A bit rough but will be cleaned up and hidden from view







[/IMG]







[/IMG]







[/IMG]

The factory speaker grille will fit over this







[/IMG]







[/IMG]







[/IMG]

This was just an idea but not so keen now, still undecided with the boot or trunk as you call it.







[/IMG]







[/IMG]

Started the fun part, oh yea







[/IMG]

anyway lets see if i have done this Thread properly.
More Pic's soon, regards...Marty


----------



## FrankstonCarAudio (Feb 2, 2008)

Hi from a fellow Aussie!

Project is looking good...

I only have one question...... It looks like you used MDF to fill in the large openings in the doors before the Dynamat. Did you treat the MDF against water before you fiited it?.. or is it not MDF?
I know the weather in Perth is usually always nice, but I wouldn't like all your great work to turn to mulch if it did get wet... 

Keep up the updates...

Mark

p.s. have I seen you on the Opel-Aus forum?


----------



## lashlee (Aug 16, 2007)

Looks good, with a really good looking car!! I like the idea of the amp on the undertray, especially since I did something similar in my install!!!


----------



## SQCherokee (Mar 5, 2008)

one small sugestion...for the amprack...use plexi sandwiched between wood (so its the same thickness as what you have now) and back light the plexi with white neons or leds...that would look really cool.


----------



## SQKid89 (Feb 22, 2007)

great job so far. i think you may start getting more views one the G8 hits state-side in a few months....


----------



## martycash (Feb 24, 2008)

Thanks for the comments,

SQCherokee, Plexiglass sounds like a good idea, might use it if i stay with installing under the parcel shelf, still in two minds though

Mark, Sealing the mdf was an oversight, thanks for bringing that to my attn, i will get onto that before winter comes along. no i have never been on that forum mate.

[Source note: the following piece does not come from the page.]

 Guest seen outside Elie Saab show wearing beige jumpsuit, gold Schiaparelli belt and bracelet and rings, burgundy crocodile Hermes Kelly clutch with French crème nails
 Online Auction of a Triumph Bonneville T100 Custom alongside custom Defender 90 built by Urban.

here's a few more pic's, got a little bit done today but i fly back to work tomorrow (DAMM IT) hopefully get some more done on my return.
Started the boot, i want to do this properly so it will take some time
i only have one stipulation- Golf clubs must fit, nothing else 







[/IMG]







[/IMG]
W202E is in but i need to re-do it later once i pull the seats and carpet out







[/IMG]
parcel shelf stripped and ready for dynamat







[/IMG]


----------



## khail19 (Oct 27, 2006)

Looks like a really good start to me. You've got the right idea, not half-assing it the first time!


----------



## ACRucrazy (Mar 13, 2007)

Cool project! must be nice to not have a gas tank in the trunk!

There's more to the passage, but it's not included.